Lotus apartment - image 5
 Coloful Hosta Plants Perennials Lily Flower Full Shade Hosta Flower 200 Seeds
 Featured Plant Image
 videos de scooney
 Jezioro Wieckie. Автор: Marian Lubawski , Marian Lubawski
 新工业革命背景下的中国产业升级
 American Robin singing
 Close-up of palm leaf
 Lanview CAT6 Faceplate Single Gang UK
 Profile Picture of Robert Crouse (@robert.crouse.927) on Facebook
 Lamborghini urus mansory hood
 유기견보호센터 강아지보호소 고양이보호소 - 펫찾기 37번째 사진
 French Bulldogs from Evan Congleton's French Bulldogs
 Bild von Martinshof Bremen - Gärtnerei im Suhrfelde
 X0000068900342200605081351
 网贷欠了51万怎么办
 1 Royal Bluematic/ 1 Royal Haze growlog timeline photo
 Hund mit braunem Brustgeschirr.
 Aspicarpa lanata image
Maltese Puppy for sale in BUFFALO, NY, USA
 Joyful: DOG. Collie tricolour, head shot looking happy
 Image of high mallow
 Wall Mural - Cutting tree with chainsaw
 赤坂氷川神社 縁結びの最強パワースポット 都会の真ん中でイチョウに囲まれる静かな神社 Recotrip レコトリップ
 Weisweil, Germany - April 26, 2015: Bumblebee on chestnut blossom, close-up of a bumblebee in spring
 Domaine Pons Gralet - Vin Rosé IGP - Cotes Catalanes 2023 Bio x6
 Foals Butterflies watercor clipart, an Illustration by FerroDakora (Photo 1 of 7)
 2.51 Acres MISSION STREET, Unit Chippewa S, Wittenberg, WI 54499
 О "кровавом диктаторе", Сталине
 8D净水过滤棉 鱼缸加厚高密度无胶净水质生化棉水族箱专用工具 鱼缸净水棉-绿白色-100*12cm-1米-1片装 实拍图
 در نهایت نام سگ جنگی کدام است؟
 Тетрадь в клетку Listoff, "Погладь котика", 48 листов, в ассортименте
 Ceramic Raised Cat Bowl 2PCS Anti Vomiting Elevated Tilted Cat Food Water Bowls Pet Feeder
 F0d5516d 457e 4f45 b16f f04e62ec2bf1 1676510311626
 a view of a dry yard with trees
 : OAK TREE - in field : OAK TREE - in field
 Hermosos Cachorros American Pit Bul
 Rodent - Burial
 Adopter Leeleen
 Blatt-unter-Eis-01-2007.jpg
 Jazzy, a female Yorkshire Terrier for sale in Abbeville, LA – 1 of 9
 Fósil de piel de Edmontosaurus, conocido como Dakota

—————

### BRIEF
Show each line of the material where the word "American" occurs.

### ANSWER BOX
 American Robin singing
 Hermosos Cachorros American Pit Bul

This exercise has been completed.